What you have to do: With the pictures left out, transcribe exactly the lines from the one with "DONNOR 12 Pcs Non Stick Pots and Pans Set" through the end of the data.

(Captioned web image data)
====================
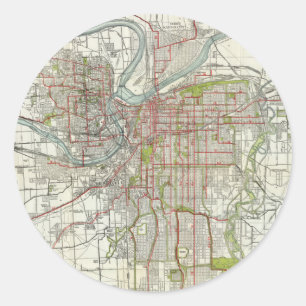 Sticker Rond Vintage Map of Kansas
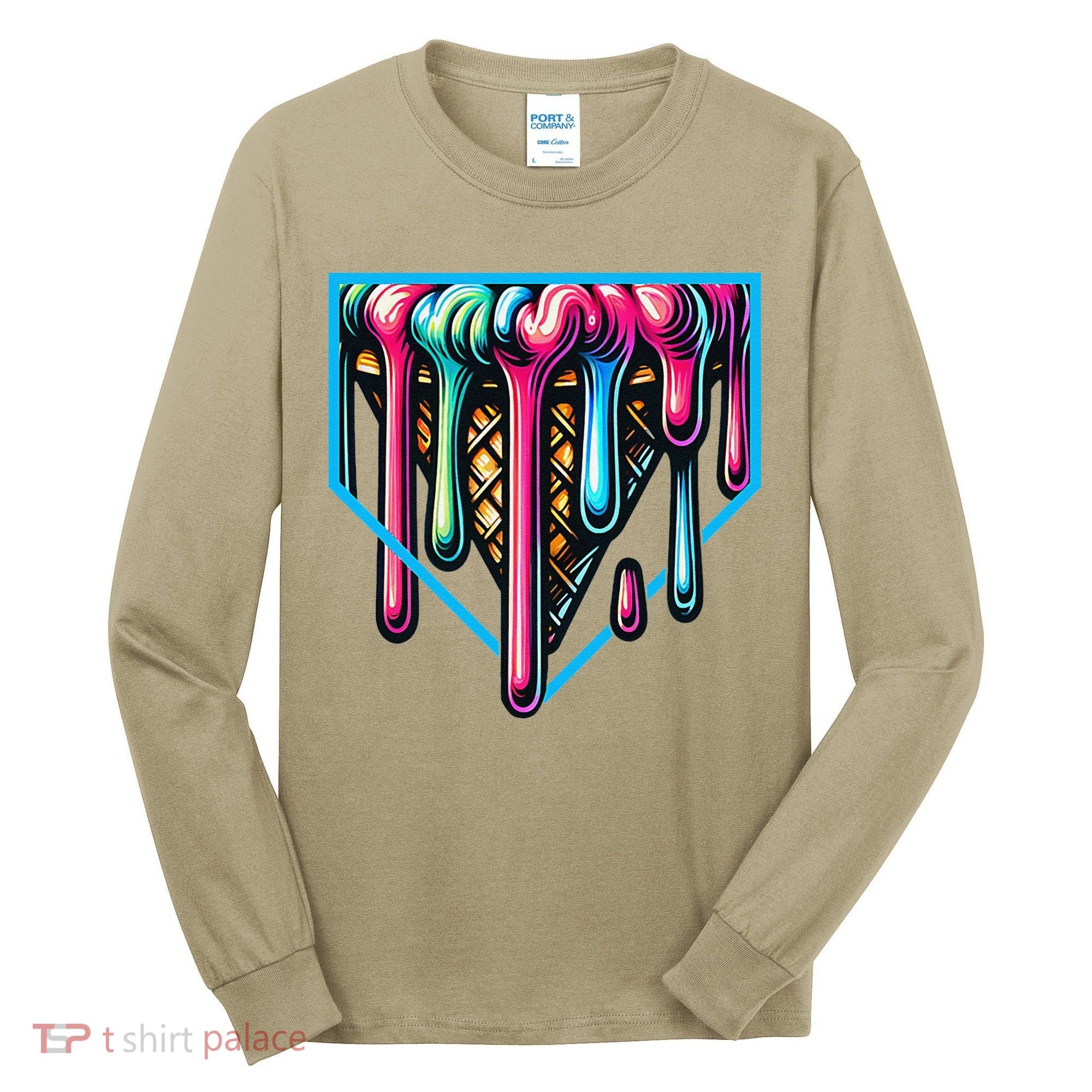 Home Plate Drip Ice Cream Softball & Baseball Tall Long Sleeve Shirt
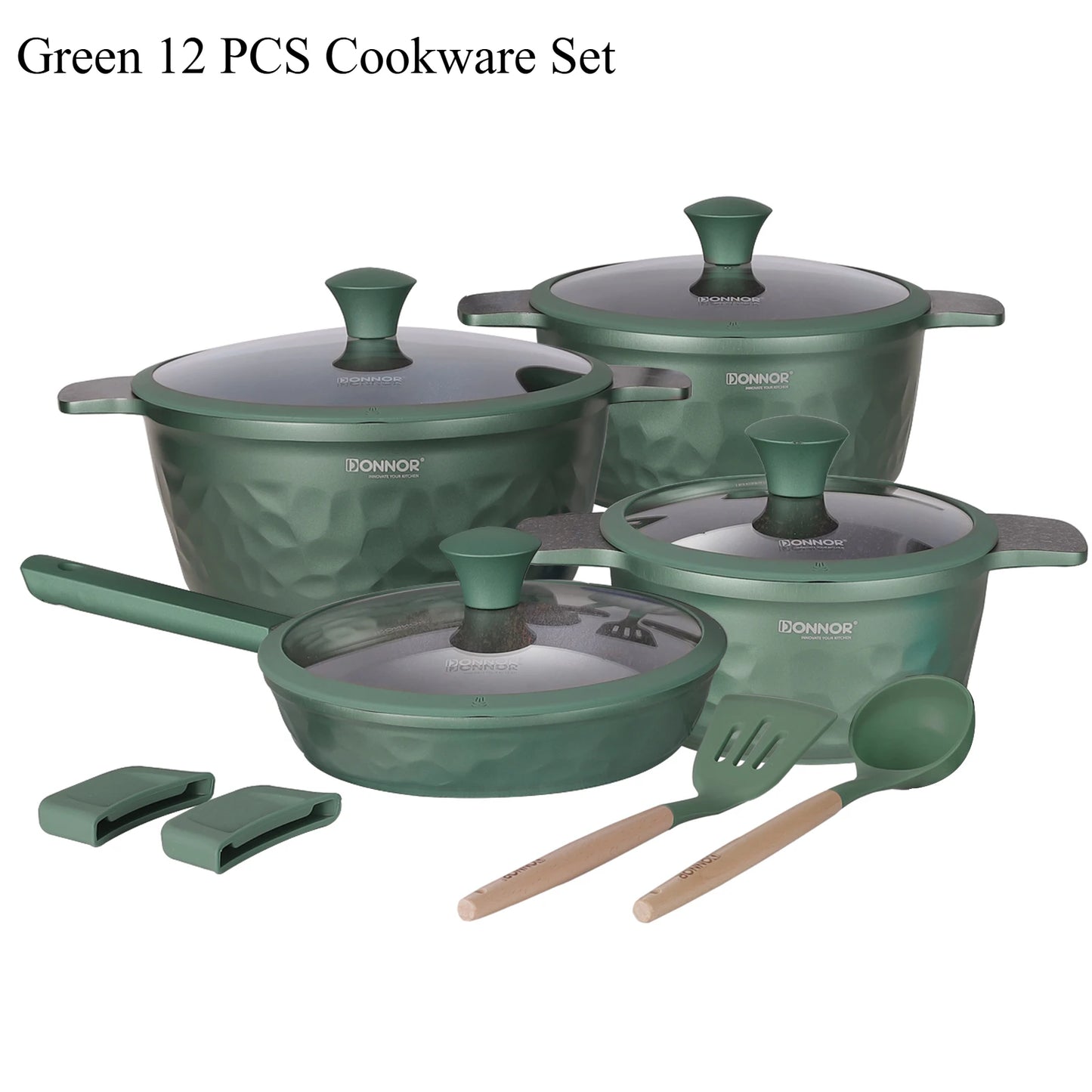 DONNOR 12 Pcs Non Stick Pots and Pans Set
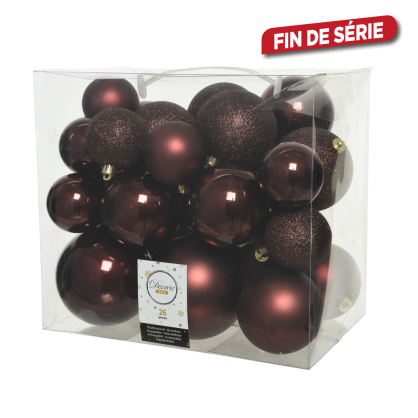 Set de boules de Noël acajou Ø 6 - 10 cm 26 pièces DECORIS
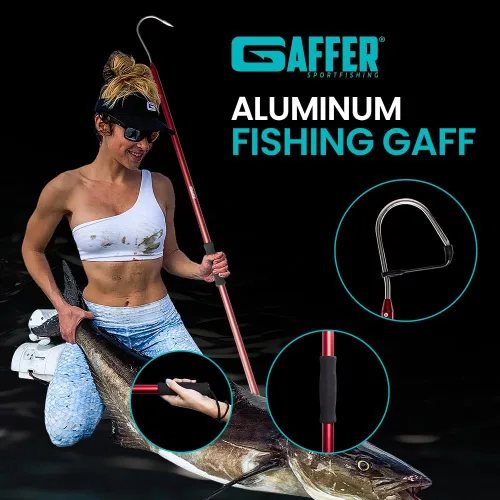 Vista 9 de GAFFER SPORTFISHING Aluminum Fish Gaff Hook Lightweight Fishing Pole with Sharp Stainless Steel Spear Hook Ergonomic Foam Grips, Secure Lanyard
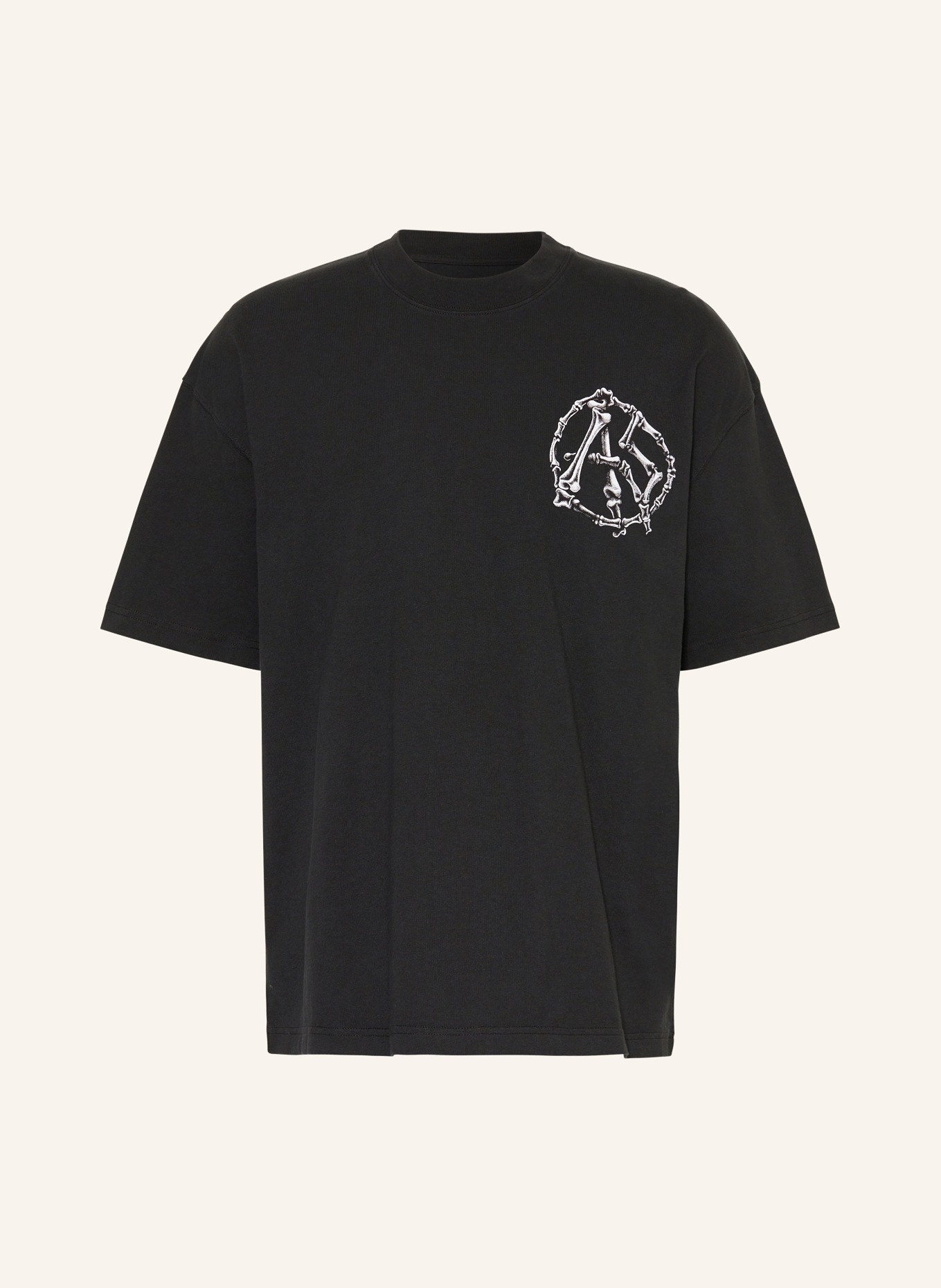 ALLSAINTS T-Shirt ANATOMICA: SCHWARZ / DUNKELBRAUN / WEISS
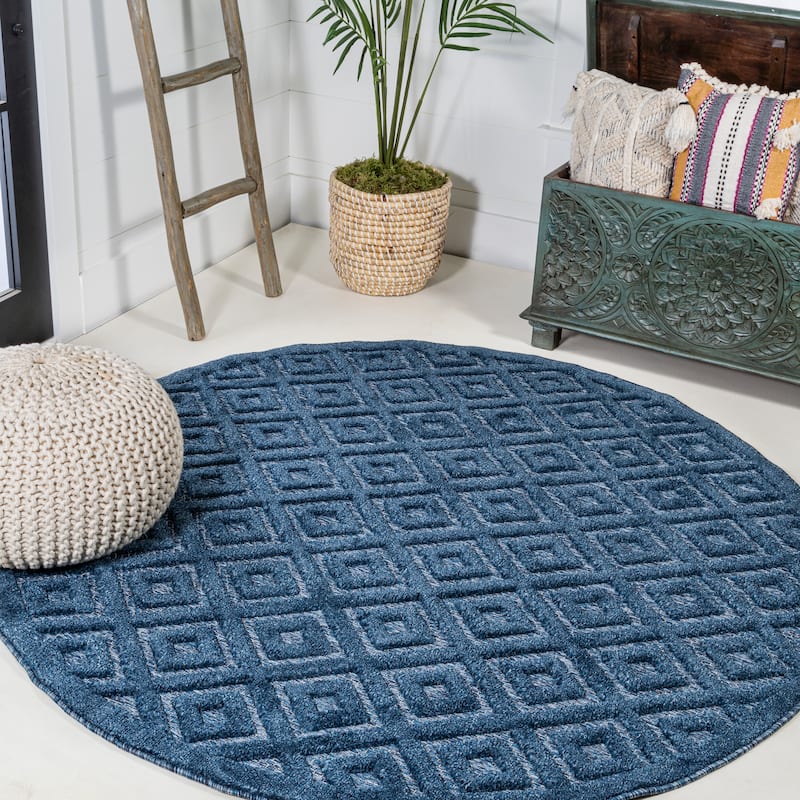 JONATHAN Y Ankara Neutral Diamond Trellis Indoor/Outdoor Area Rug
====================
Written response:
 DONNOR 12 Pcs Non Stick Pots and Pans Set
 Set de boules de Noël acajou Ø 6 - 10 cm 26 pièces DECORIS
 Vista 9 de GAFFER SPORTFISHING Aluminum Fish Gaff Hook Lightweight Fishing Pole with Sharp Stainless Steel Spear Hook Ergonomic Foam Grips, Secure Lanyard
 ALLSAINTS T-Shirt ANATOMICA: SCHWARZ / DUNKELBRAUN / WEISS
 JONATHAN Y Ankara Neutral Diamond Trellis Indoor/Outdoor Area Rug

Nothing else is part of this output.